RECORDS FOR PROCESSING Start Marker

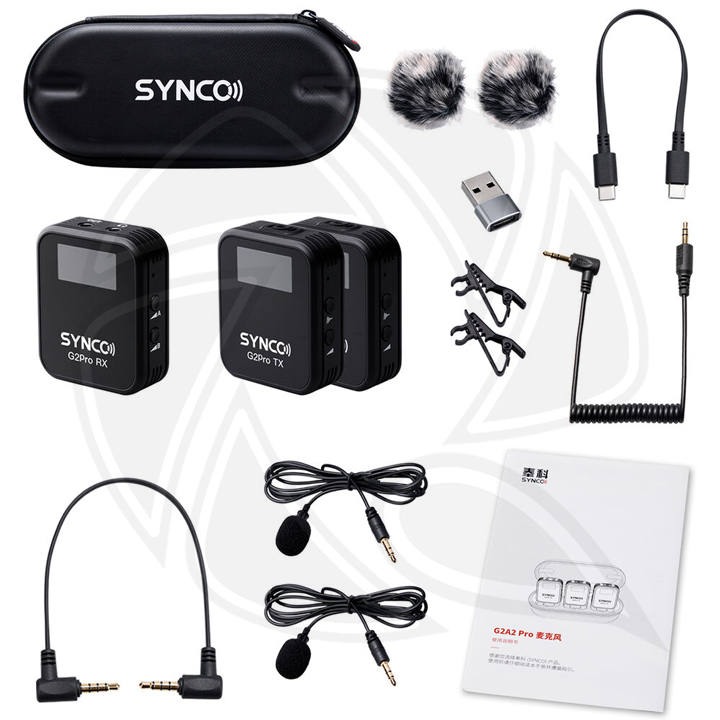 SYNCO G2A2 Pro Quality Dual Wireless Microphone Dual Transmitter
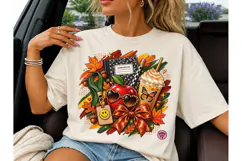 Fall Teacher Apple Coffee PNG Tee Design Product Image 3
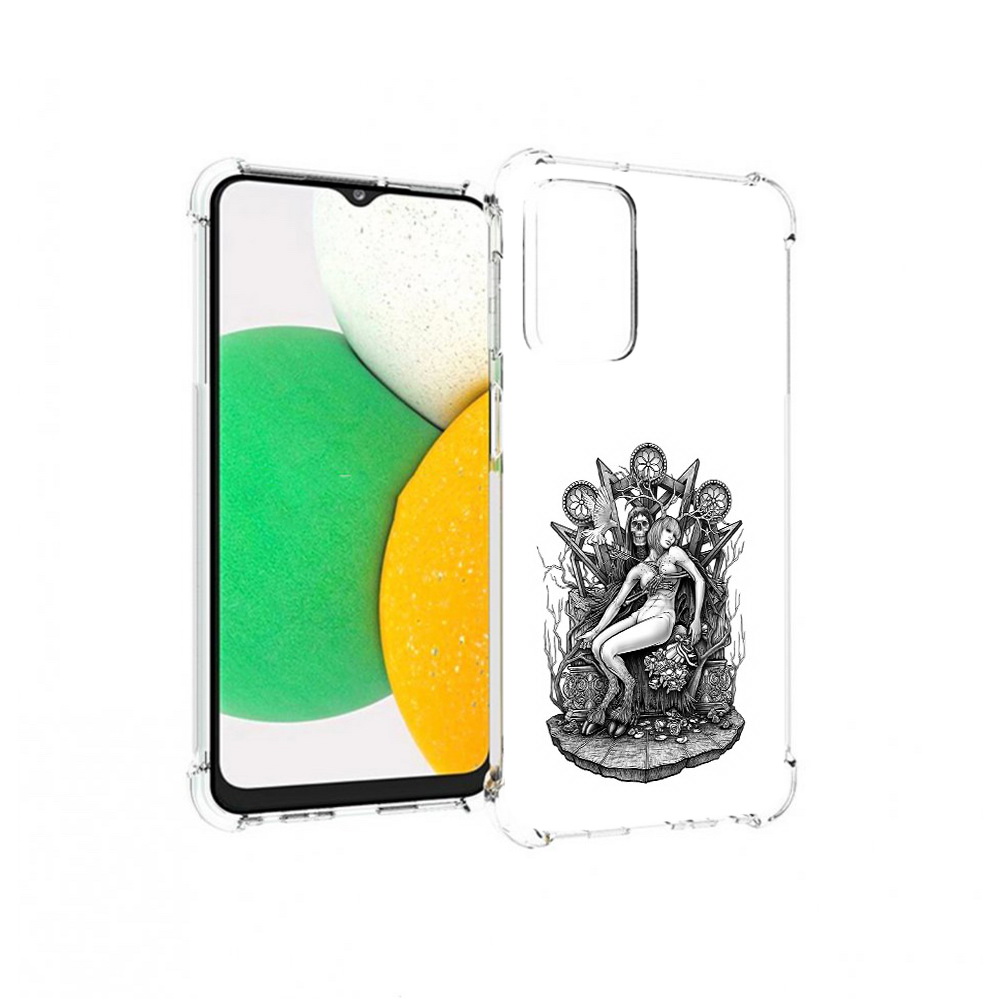 

Чехол MyPads Tocco для Samsung Galaxy A23 девушка на троне, Прозрачный, Tocco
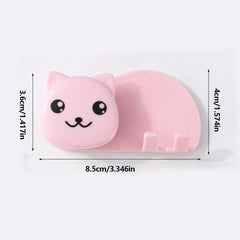 Cat Toothbrush Holder Wall Mounted Toothbrush Toothpaste Rack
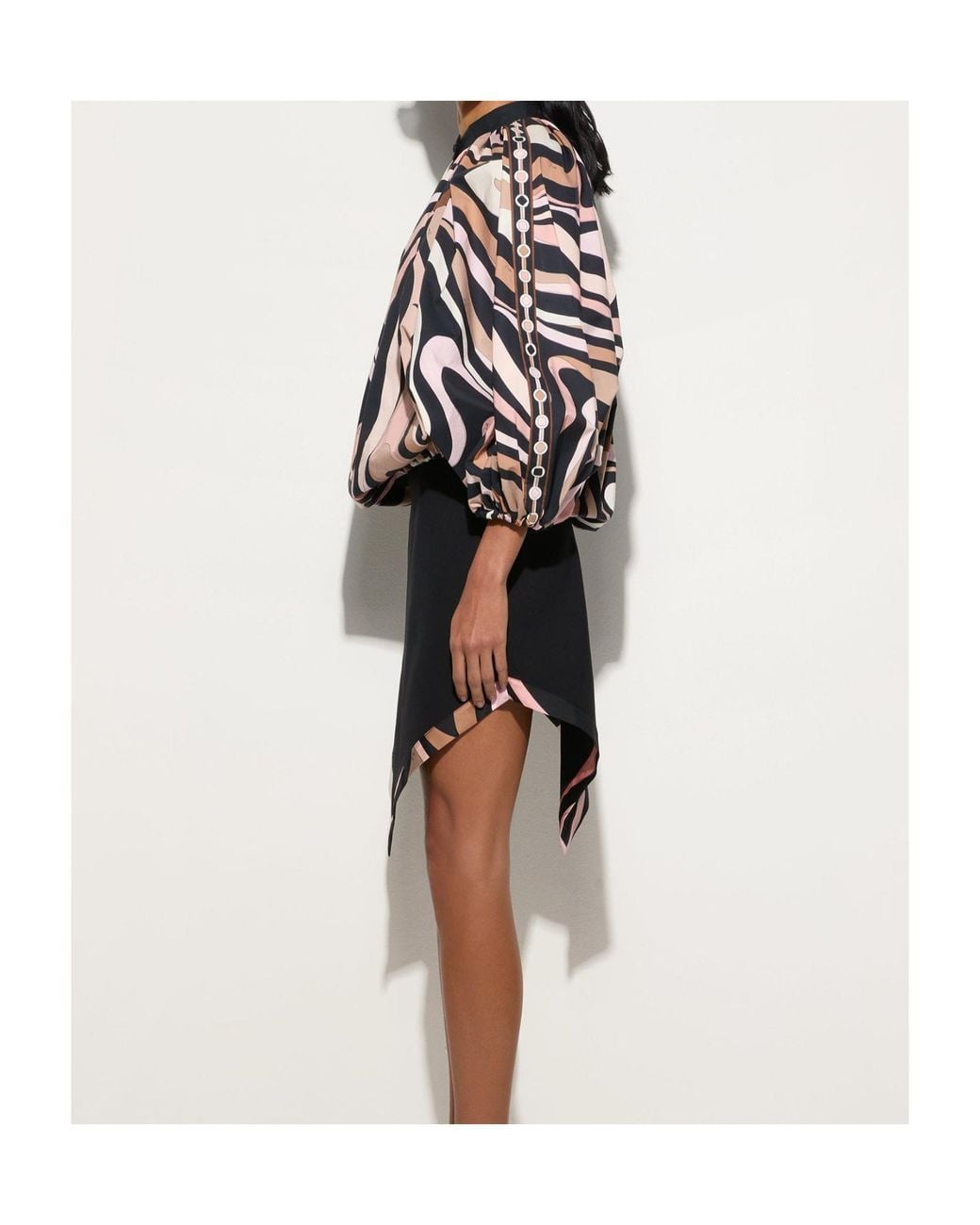 Emilio Pucci Black Printed Sweatshirt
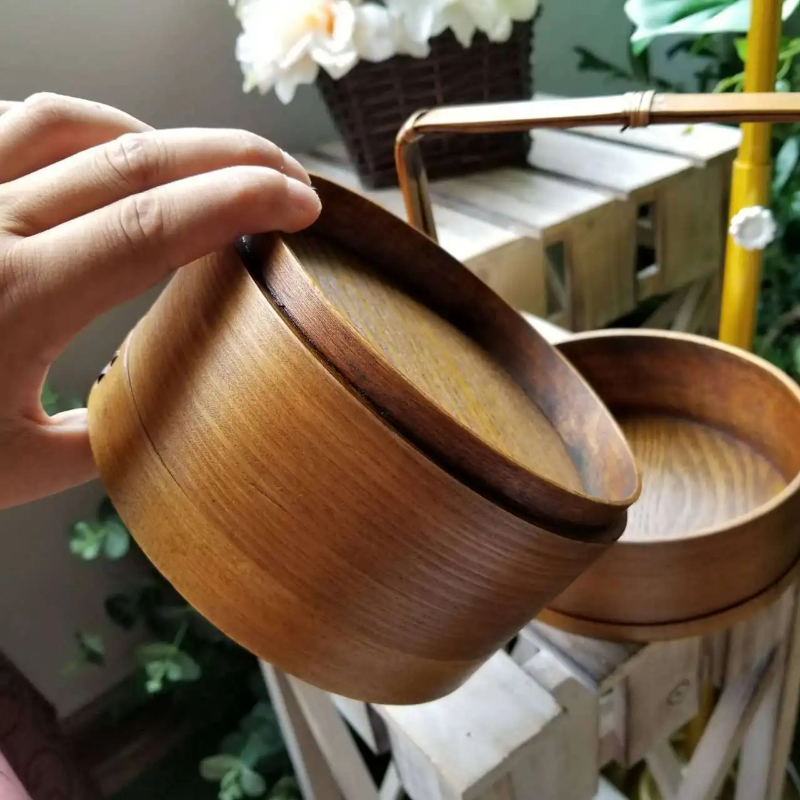 Japanese Wooden Bento Lunch Bo - Meal Prep Japanese recensie en prijs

RECORDS FOR PROCESSING End Marker

## TASK TO COMPLETE:
Each line of the listing is to be retyped exactly, and its pictures are to be dropped.

## SOLVED EXERCISE:
 SYNCO G2A2 Pro Quality Dual Wireless Microphone Dual Transmitter
 Fall Teacher Apple Coffee PNG Tee Design Product Image 3

Чехол MyPads Tocco для Samsung Galaxy A23 девушка на троне, Прозрачный, Tocco
 Cat Toothbrush Holder Wall Mounted Toothbrush Toothpaste Rack
 Emilio Pucci Black Printed Sweatshirt
 Japanese Wooden Bento Lunch Bo - Meal Prep Japanese recensie en prijs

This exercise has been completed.